O Congresso Nacional: a semana sem sobressaltos na véspera do feriado
     Passada a fase de acaloradas votações em torno dos primeiros projetos ligados à Reforma Política, o Congresso Nacional passa por semana de relativa tranquilidade na véspera do feriado de Corpus Christi. Na Câmara dos Deputados, está prevista a viagem de comitiva liderada por Eduardo Cunha à Rússia, Israel e Palestina. Antes de sua partida, no entanto, anunciou intenção de votar a PEC n.º 171/1993 (que reduz a maioridade penal) ainda no mês de junho

       Em ato conjunto com o Renan Calheiros, Cunha também assinou a constituição de comissão mista para discutir anteprojeto da “Lei de Responsabilidade das Estatais” (que visa limitar o poder do Planalto ao determinar nomes para chefiar aquelas entidades, submetendo as indicações à aprovação do Senado).
    No Senado Federal, a semana segue igualmente tranquila após a aprovação do Substitutivo da Câmara n.º 9/2015 (que regulamenta a mediação judicial e extrajudicial como forma de solução de conflitos), com reuniões e audiências antecipadamente previstas no âmbito das comissões permanentes da Casa.

02 junho, 2015

Conforme explicaram os presidentes, o texto é apenas o ponto de partida para o trabalho da comissão, que terá como presidente o senador Romero Jucá (PMDB-RR) e como relator o deputado Arthur de Oliveira Maia. Renan e Cunha ressaltaram que o colegiado terá 30 dias para concluir os trabalhos e que o projeto já deve ser votado antes do recesso parlamentar de julho.

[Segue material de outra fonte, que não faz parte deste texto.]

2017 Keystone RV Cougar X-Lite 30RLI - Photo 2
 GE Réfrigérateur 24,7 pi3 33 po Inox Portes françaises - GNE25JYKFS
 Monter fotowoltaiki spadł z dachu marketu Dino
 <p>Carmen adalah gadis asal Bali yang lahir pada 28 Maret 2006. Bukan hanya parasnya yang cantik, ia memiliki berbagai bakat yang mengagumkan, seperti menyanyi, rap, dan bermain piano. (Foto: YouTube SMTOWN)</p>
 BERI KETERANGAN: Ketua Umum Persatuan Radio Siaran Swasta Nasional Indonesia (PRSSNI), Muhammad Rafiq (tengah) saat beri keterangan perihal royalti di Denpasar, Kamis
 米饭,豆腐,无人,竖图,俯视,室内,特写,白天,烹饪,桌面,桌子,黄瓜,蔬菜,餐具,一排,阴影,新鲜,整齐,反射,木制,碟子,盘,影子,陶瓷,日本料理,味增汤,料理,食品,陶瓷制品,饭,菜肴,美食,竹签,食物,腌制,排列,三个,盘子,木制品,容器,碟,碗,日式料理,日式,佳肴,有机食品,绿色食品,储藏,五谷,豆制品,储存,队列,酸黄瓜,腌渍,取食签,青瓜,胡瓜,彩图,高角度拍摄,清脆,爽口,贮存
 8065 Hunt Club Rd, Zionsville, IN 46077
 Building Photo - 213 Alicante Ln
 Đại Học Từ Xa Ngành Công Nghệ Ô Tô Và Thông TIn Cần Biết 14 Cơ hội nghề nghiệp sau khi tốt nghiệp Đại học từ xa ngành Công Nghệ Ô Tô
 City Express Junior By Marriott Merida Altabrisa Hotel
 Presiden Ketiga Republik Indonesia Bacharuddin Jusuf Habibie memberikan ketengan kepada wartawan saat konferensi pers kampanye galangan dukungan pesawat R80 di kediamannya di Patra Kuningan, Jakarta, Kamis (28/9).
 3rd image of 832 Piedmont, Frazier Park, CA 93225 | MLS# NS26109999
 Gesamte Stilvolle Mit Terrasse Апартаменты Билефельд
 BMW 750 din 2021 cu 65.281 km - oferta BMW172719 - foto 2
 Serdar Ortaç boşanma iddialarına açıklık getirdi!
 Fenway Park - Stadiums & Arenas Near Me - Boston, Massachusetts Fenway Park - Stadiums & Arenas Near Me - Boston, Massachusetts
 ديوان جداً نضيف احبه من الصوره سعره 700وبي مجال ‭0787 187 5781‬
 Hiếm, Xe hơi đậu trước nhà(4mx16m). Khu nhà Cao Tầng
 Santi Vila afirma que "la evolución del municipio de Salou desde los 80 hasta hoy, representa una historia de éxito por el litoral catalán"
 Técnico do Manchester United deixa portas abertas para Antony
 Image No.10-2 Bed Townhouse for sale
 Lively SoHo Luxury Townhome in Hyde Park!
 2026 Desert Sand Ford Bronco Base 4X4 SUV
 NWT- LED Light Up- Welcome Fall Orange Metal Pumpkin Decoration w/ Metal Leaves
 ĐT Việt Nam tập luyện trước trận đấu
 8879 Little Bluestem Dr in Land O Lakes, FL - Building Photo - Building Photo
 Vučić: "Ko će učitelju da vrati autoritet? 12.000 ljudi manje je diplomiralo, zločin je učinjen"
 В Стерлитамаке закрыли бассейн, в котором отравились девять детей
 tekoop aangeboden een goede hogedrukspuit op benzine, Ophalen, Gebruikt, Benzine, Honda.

- Essa lei pretende dar respostas que a sociedade está pedindo que o Congresso dê nessa hora. Ela fortalecerá o Brasil e acabará com um mundo paralelo das estatais, que não têm controle público, que não têm acompanhamento do Congresso e que não dá respostas à sociedade – ressaltou Renan.

Cunha destacou que a lei tem dois objetivos principais: a qualificação e a transparência das estatais. O presidente da Câmara ainda destacou a celeridade com que o tema está sendo tratado pelas duas Casas, já que o anteprojeto foi apresentado dez dias após o anúncio de elaboração de uma proposta de lei.

Além do relator e do presidente, participarão da comissão os senadores José Serra (PSDB-SP), Otto Alencar (PSD-BA) e Walter Pinheiro (PT-BA), além dos deputados Danilo Forte, Rogério Rosso e André Moura.